Khamenei's speech at Friday prayers in the Iranian capital follows a sixth day of protests by Mousavi supporters. On Thursday, tens of thousands, wearing black and carrying candles, marched to mourn those killed in earlier mass rallies.
The largest and most widespread demonstrations since the 1979 Islamic revolution have rocked the world's fifth biggest oil exporter, which is also caught up in a dispute with the West over its nuclear program.
Iranian state media has reported seven or eight people killed in protests since the election results were published on June 13. Scores of reformists have been arrested and authorities have cracked down on both foreign and domestic media.
Iranian Nobel Peace Prize winner Shirin Ebadi said about 500 people had been arrested in the last week, and called for their unconditional release. She said Iran should hold new elections under the supervision of the United Nations.
Mousavi, a moderate who advocates better ties with the West, has also called for the election to be annulled, saying pledges by the country's top legislative body, the Guardian Council, to recount some disputed ballot boxes did not go far enough.
The council has invited Mousavi and two other defeated candidates to talks on Saturday, and says it has begun "careful examination" of 646 complaints.
Objections include a shortage of ballot papers, pressure on voters to support a particular candidate, and the barring of candidates' representatives from polling stations.
Iran has denounced foreign criticism of the election, although U.S. President Barack Obama's administration has muted its comments to keep the door open for possible dialogue.
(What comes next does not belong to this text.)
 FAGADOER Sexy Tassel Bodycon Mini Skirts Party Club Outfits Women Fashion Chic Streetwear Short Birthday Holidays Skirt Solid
At Thursday's rally, protesters massed in a Tehran square, responding to Mousavi's call for people to gather in mosques or at peaceful rallies to show solidarity with the victims and their families.
They held photographs of those killed, some showing bloodied faces, apparently taken after they died.
"Our martyred brothers we will take back your votes," read one placard. "Why did you kill our brothers?" said another.
Other banners told protesters to stay home on Friday, when Ahmadinejad supporters are expected to show their strength at Khamenei's Friday prayers, but to gather again the next day.
Mousavi supporters say he will be joined on Saturday by reformist former president Mohammad Khatami and another defeated candidate, liberal cleric Mehdi Karoubi.
Ahmadinejad has defended the legitimacy of the vote, telling a cabinet meeting on Wednesday that 25 million of 40 million voters had approved the way he was running the country.
The semi-official Fars news agency said two children of powerful cleric Akbar Hashemi Rafsanjani, who backs Mousavi and clashed with Ahmadinejad during campaigning, had been barred from leaving Iran.
His daughter Faezeh addressed Mousavi supporters on Tuesday. Hardline students called for her and her brother, Mehdi, to be arrested.
Iran's Intelligence Ministry said it had uncovered a foreign-linked terrorist plot to plant bombs in mosques and other crowded places in Tehran during the election.
State broadcaster IRIB quoted a ministry statement as saying several terrorist groups had been discovered, adding they were linked to Iran's foreign enemies, including Israel.
Hamid Najafi, editor-in-chief of Kayhan International, an English-language conservative Iranian daily, said the Guardian Council investigation of the vote would calm unrest but the overall result would not change because "there isn't a millionth chance of doing any fraud."